Your output should be the lines below from the one with "Custom Enclosures 3" through the one with "New 2025 Honda Accord EX-L image 13", copied exactly, pictures excluded.

▶ Material to process
▬▬▬▬▬▬
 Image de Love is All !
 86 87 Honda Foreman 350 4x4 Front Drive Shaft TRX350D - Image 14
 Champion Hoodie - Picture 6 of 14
▬▬▬▬▬▬
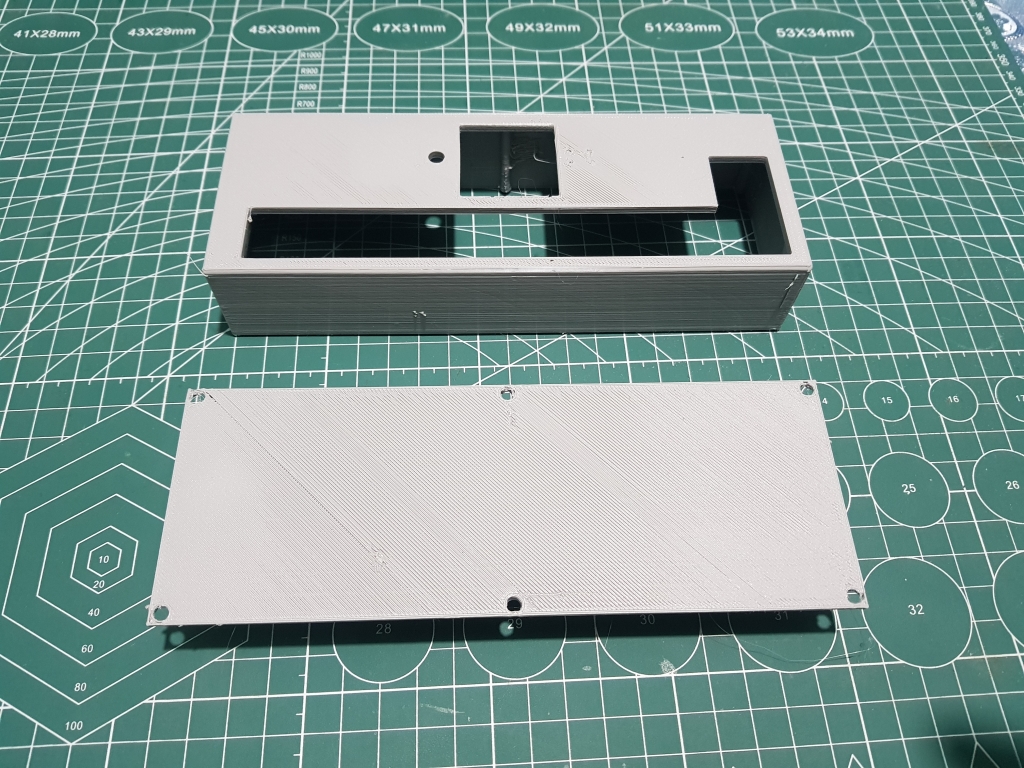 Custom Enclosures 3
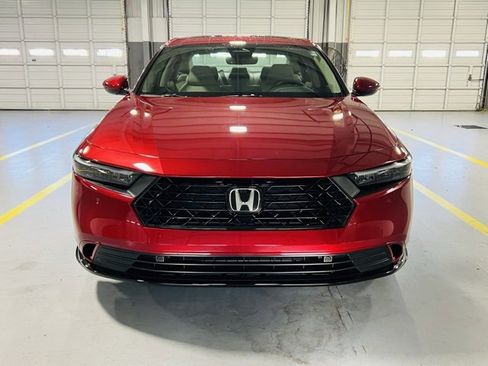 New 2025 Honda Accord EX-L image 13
▬▬▬▬▬▬
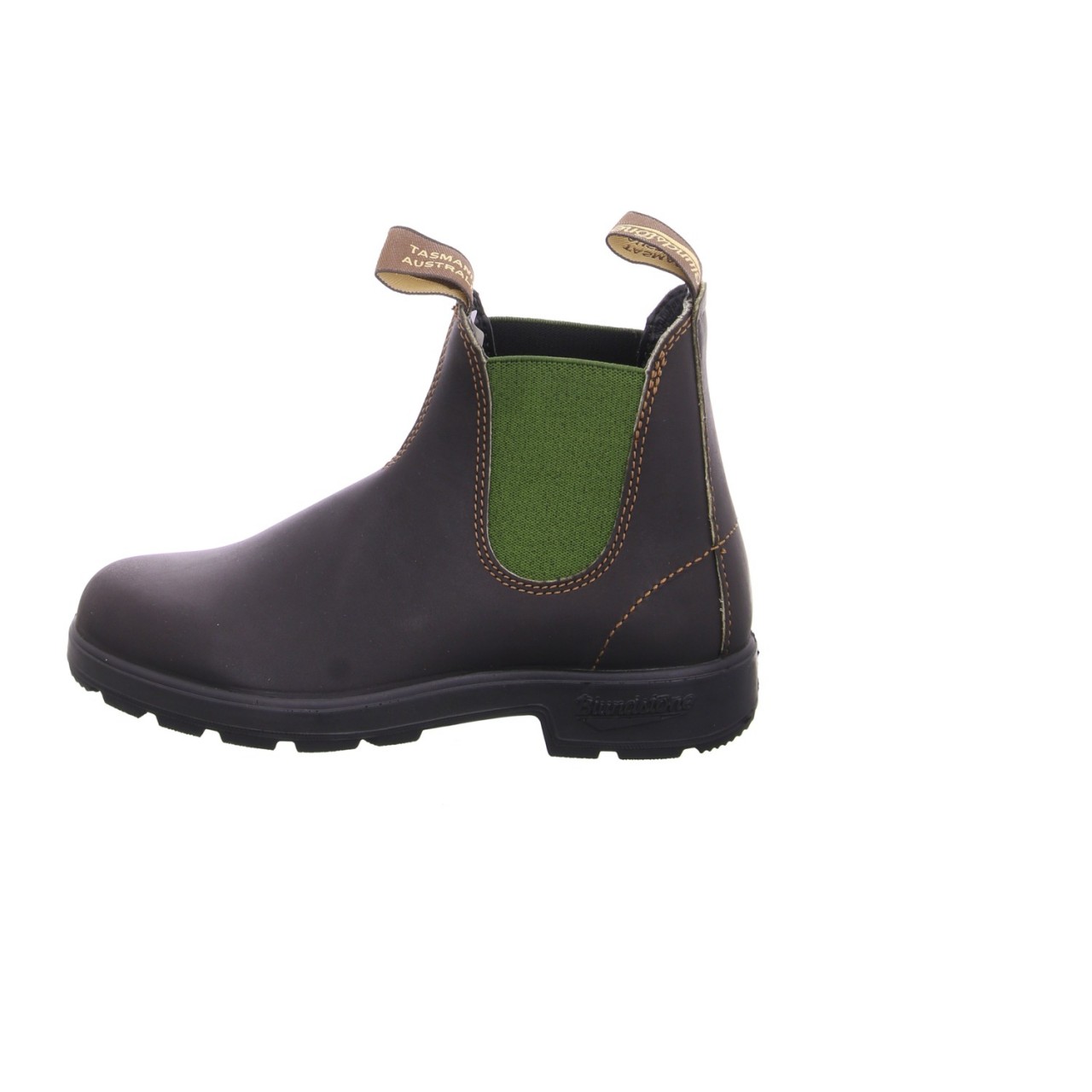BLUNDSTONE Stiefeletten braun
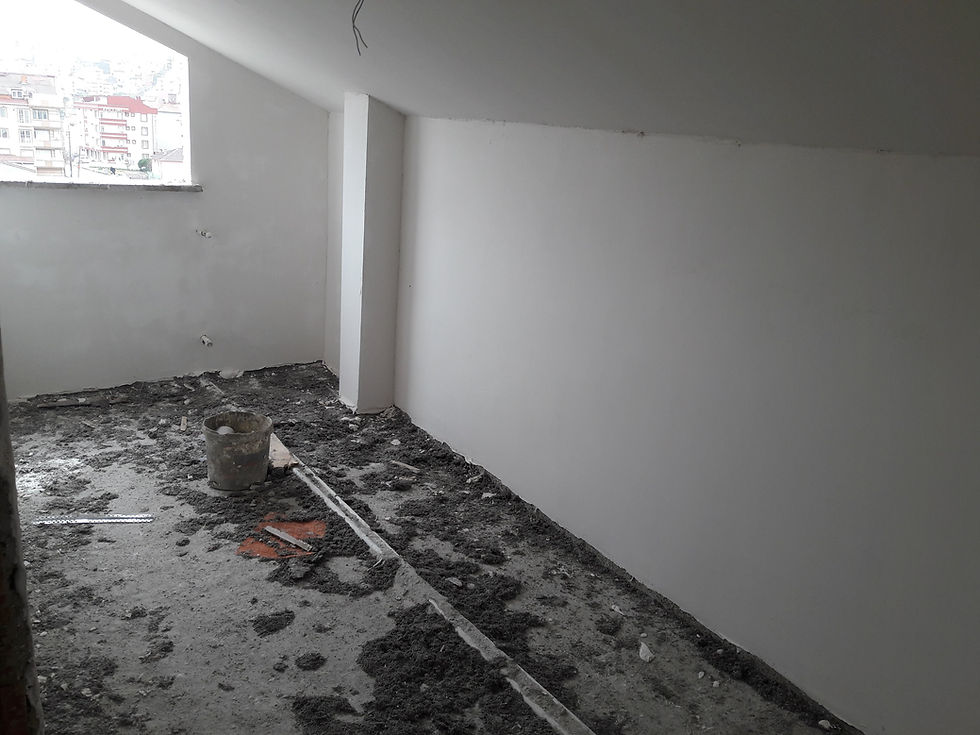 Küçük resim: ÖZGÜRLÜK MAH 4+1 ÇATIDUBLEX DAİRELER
▬▬▬▬▬▬
▶ Answer to this task
 Custom Enclosures 3
 New 2025 Honda Accord EX-L image 13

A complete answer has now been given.